After sitting in peaceful contemplation for sometime, I get up and walk across the stream. Being no acrobat, my feet get a bit wet with the cold creek water. It's annoying but I journey
onward. I continue along the rough forgotten path and reach a clearing. Since it's fall the clearing appears to be nothing more than an open field with tall grass. However, in the spring it is a wonderful garden of wildflowers.
In the distance beyond the open field I can see a house. In it's the type of condition you would expect a random house in the forest to be in, a little run down, but quaint all the same. I walk over to it, and peer in the window. In side I can see what used to be a living room. There are some chairs and other furniture laying on the floor. In the center of the room there is a fire place, and on the mantle there is a vase. The vase that sits upon the mantle of the abandoned house is just a plain glass vase. It is not too tall, about the height of a two litre bottle of soda. It has a very simple ripple pattern in it.

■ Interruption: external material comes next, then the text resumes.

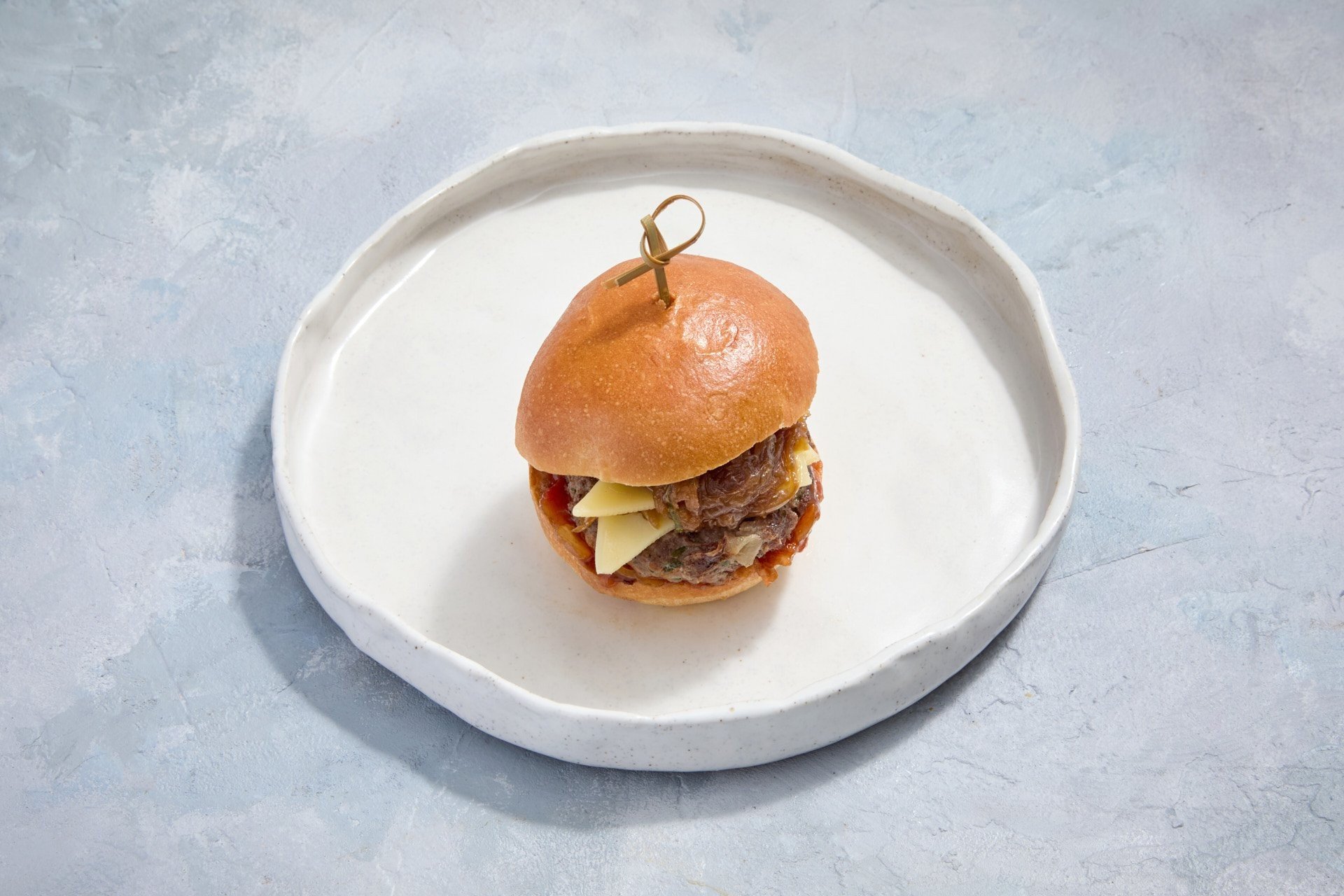 Cheeseburger, Onion Jam with Tomato Chutney on a Milk Bun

It's old and dust, the bottom of the outside has a reddish brown ring on it from sitting on the mantle for so long. Inside dust has collected and there are a few green spots from the mold that grew on the water that was left there after flowers once sat in it.
As I leave the house and run away, I think that I am following a path, but it is merely a coincidental placing of trees and a small trodden way that was probably walked by a deer at some time. It is getting darker. The sky is a cool grey. The type of grey sky that makes any fall day beautiful because you know that if it were not for the colors of the tree leaves, the world would be cold and stark. I happen to reach some steps, built by the park rangers. They lead down a hill to a river. The river is not huge but it is cosiderably bigger than the stream I saw earlier. There are man made stepping stones that I walk across to get to the other side. On the other side is an orange plastic fence that sits just above the embankment. It's like the fences they have by the music hall. I know not to climb over it because all that lies on the other side is the end of the forest and the beginning of a construction site. In fact, the fence was probably put there by the developer who wants to keep me out. So I stand there and look across the fence knowing that the forest still lies behind me, while there is nothing beyone the fence.